有一种怀念叫永远
点击:280 发表:2026-04-02 07:46:44
2
一
又到清明。想起了二姐,二姐离世已近三载,清明时分,不能赴京祭奠姐姐,写下些许文字,权作对二姐的思念。

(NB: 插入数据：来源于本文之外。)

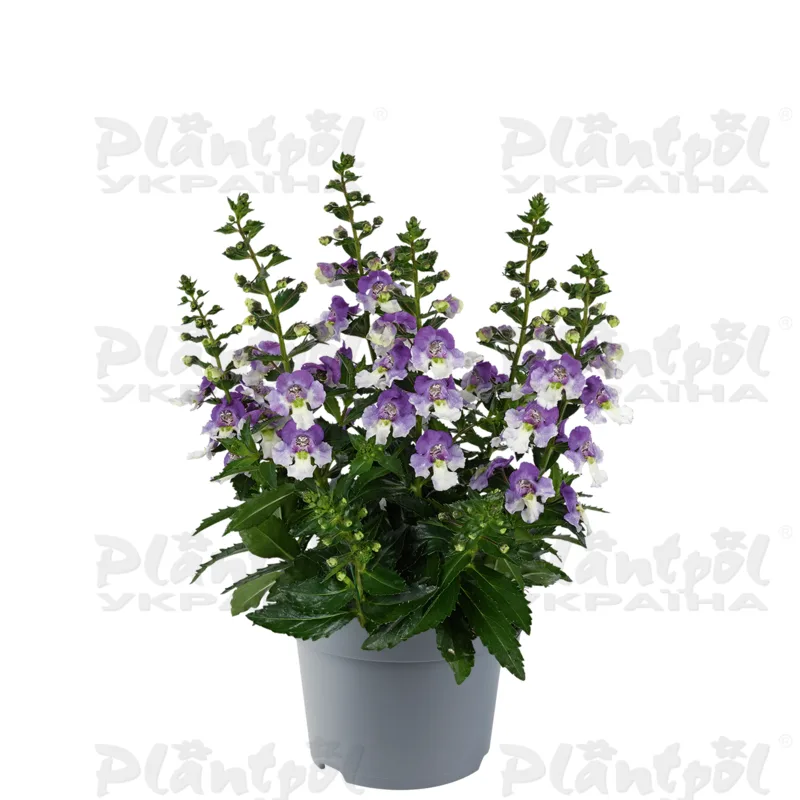 Ангелонія Archangel Blue Bicolour (128 палета/Florensis)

两年前的夏日,忽然接到外甥女微信:“舅舅,母亲走得很平安。现在荣归天家,与上帝在一起,好得无比的。愿上帝安慰您的心。”外甥女信奉基督,尽管语句淡定,我的心还是不由一沉。我知道,二姐患病有一段时间了,在不断医治,病情也在不断反复。可作为她的亲人,我和姐夫以及孩子们的心情一样,总是希望奇迹能够在二姐身上出现。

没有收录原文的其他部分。